• [The task]
Pictures are to be dropped, and only the lines from the one containing "Set van 8 Herbruikbare" through the end of the data below are to be reproduced as written.

• [Excerpted records]

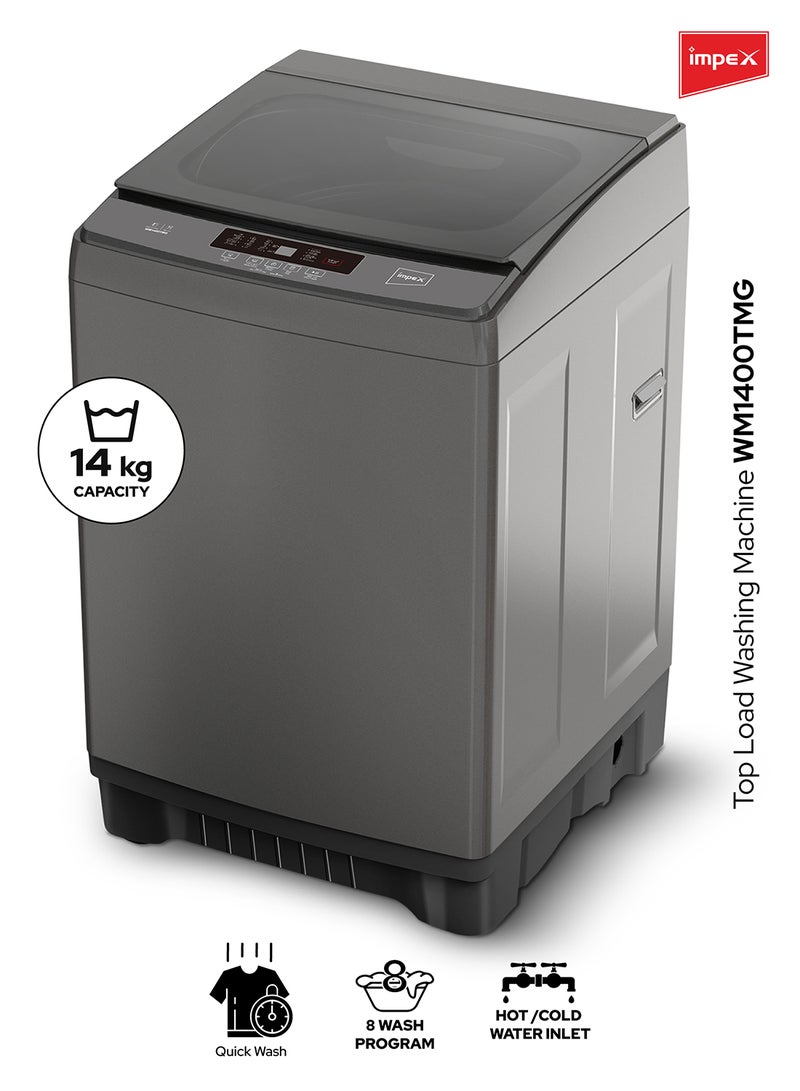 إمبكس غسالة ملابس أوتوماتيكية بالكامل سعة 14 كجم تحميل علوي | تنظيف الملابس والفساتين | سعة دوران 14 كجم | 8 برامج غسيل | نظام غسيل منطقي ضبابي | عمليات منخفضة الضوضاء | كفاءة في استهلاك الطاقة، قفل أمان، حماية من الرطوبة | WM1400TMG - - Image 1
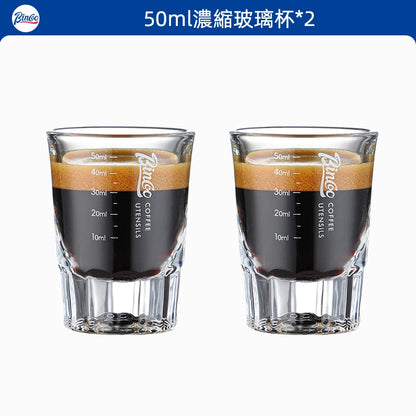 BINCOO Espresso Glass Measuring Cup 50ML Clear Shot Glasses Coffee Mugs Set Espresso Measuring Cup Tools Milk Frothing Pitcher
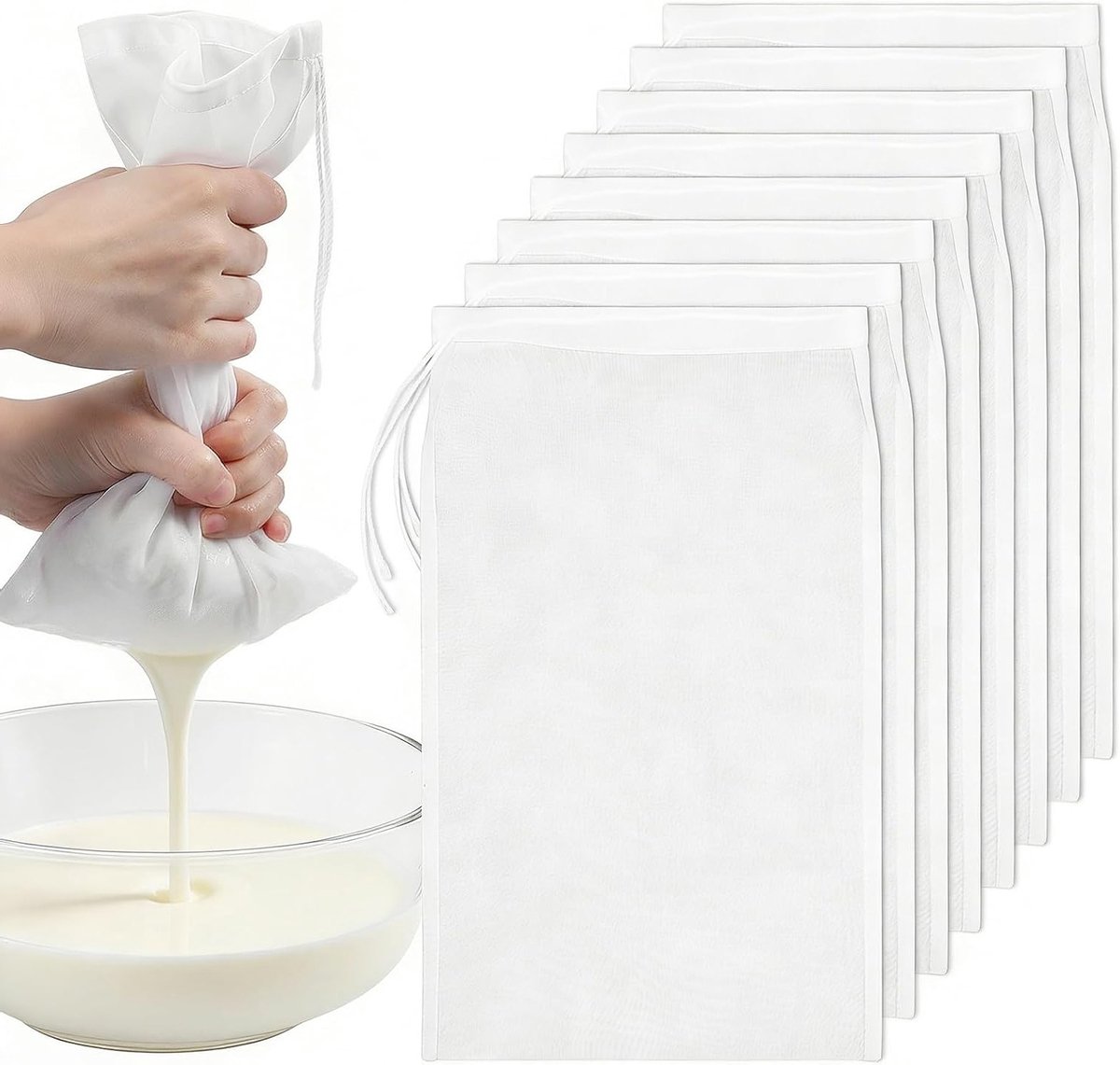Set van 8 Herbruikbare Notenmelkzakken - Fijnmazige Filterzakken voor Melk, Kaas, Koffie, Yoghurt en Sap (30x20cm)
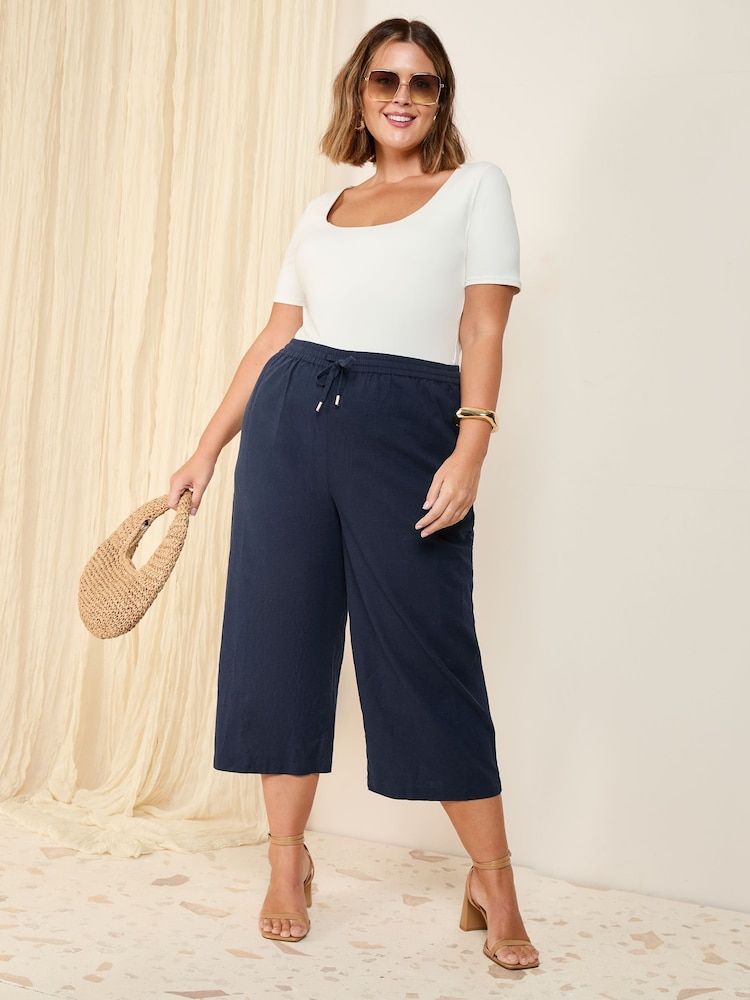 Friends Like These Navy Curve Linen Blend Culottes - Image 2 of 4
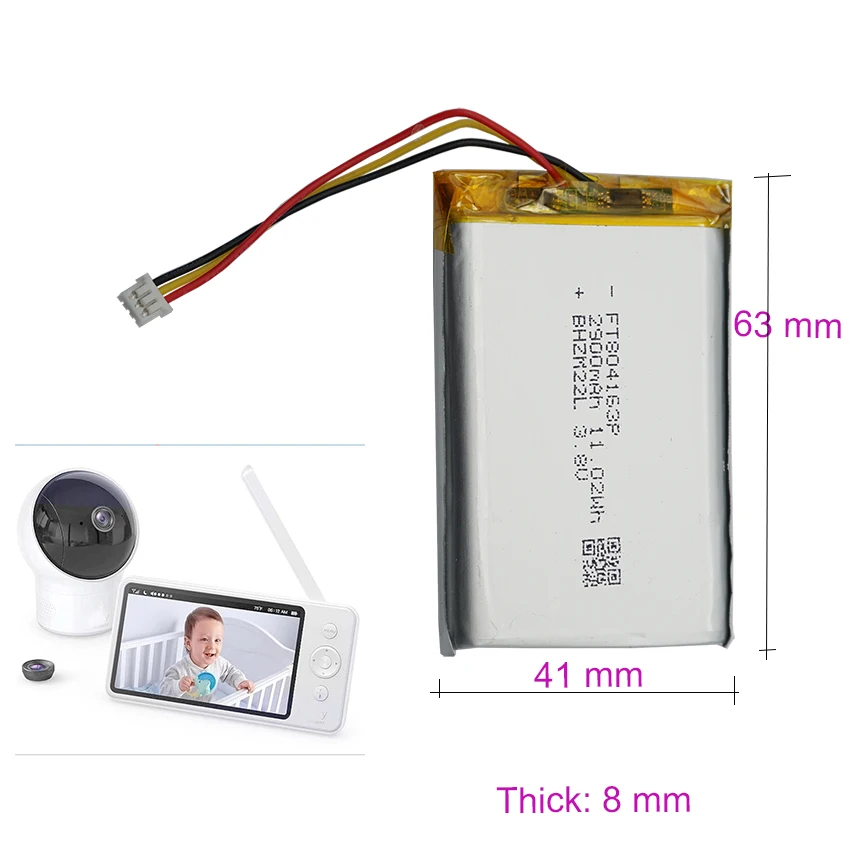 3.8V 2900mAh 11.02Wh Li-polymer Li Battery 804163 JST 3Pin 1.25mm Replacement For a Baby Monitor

• [Completed task]
Set van 8 Herbruikbare Notenmelkzakken - Fijnmazige Filterzakken voor Melk, Kaas, Koffie, Yoghurt en Sap (30x20cm)
 Friends Like These Navy Curve Linen Blend Culottes - Image 2 of 4
 3.8V 2900mAh 11.02Wh Li-polymer Li Battery 804163 JST 3Pin 1.25mm Replacement For a Baby Monitor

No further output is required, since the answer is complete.